Initial Assessment/H&P
The onset of symptoms in LCPD is usually insidious. Presentation as an acute
emergency is rare. Mild hip pain and limp have usually been present for weeks to
months before diagnosis. Pain is often referred in the distribution of the obturator
nerve, including the knee, anteromedial thigh, or groin. Physical findings include
decreased hip abduction and internal rotation. Thigh muscle atrophy, and in
advanced cases, limb shortening may also be noted.
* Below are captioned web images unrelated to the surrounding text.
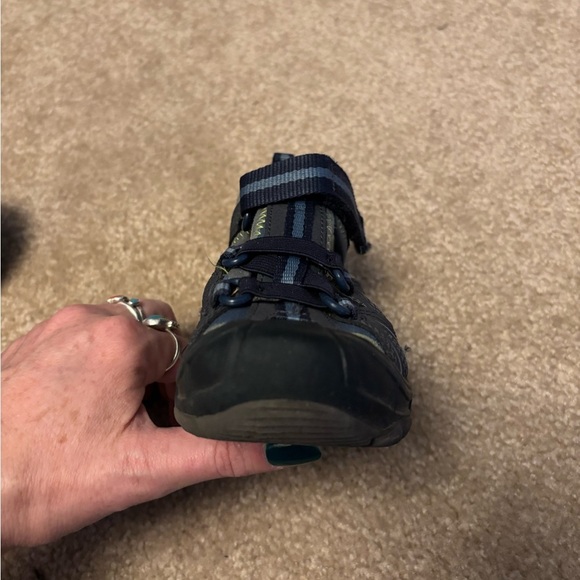 Kids' Gray and Navy MERRELL Shoes - Picture 4 of 8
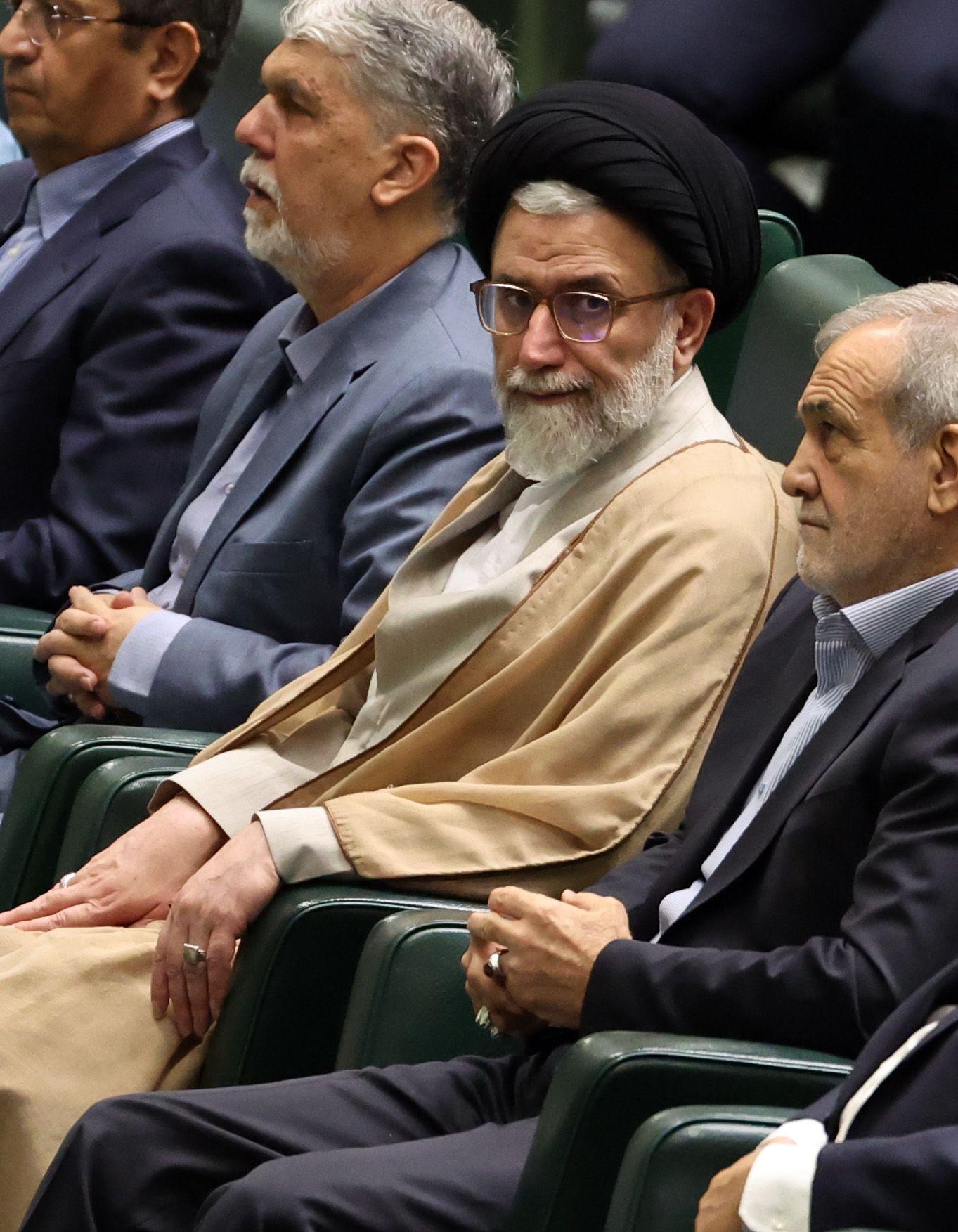 يجلس إسماعيل خطيب في صف من الرجال الآخرين، في البرلمان الإيراني، يوم17 أغسطس/آب 2024.
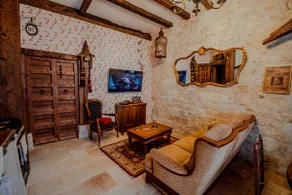 Room of Secrets – Very central Lauzerte - Image 4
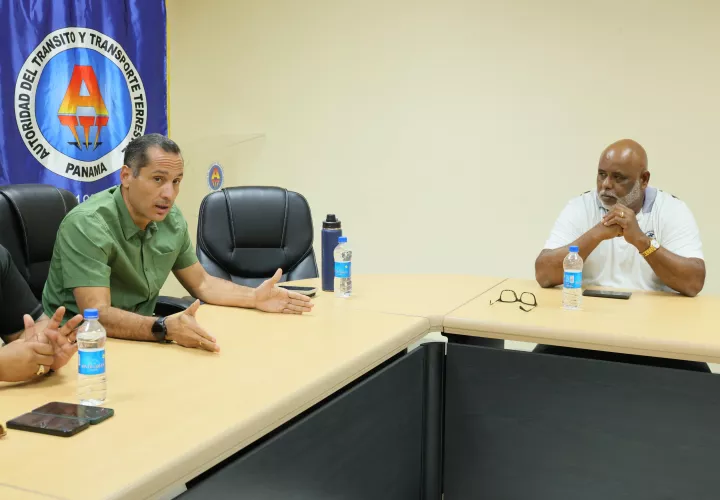 Reunión entre la ATTT y los transportistas. Foto: Cortesía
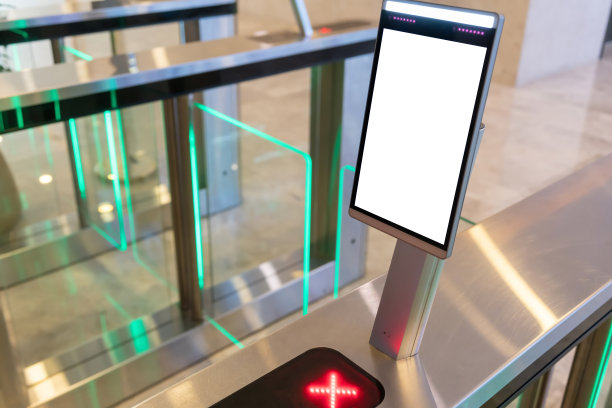 近距离观察旋转门与面部识别设备。图片下载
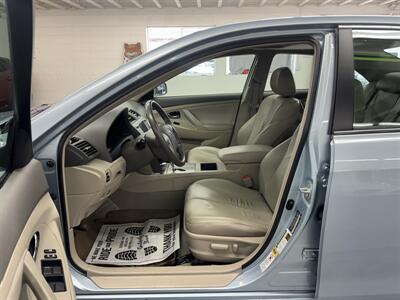 2008 Toyota Camry Hybrid LOW MILES (99K) - Photo 11 - Portland, OR 97267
Management/Diagnostic Testing
The sequence of radiographic changes in LCPD has been described in detail (
Fig. 121.15 ). Gadolinium subtraction MRI may offer radiographic evidence of
disease during the first 3 to 6 months of symptoms when plain radiographs are
normal. At diagnosis, most patients have widening of the articular cartilage with a
small, dense proximal femoral epiphysis. Subchondral fracture may be visible.
Irregularity and flattening of the epiphysis develops over time. The differential
diagnosis includes various bone tumors and skeletal dysplasias. As the disease
progresses, anterolateral subluxation may be quantitated radiographically.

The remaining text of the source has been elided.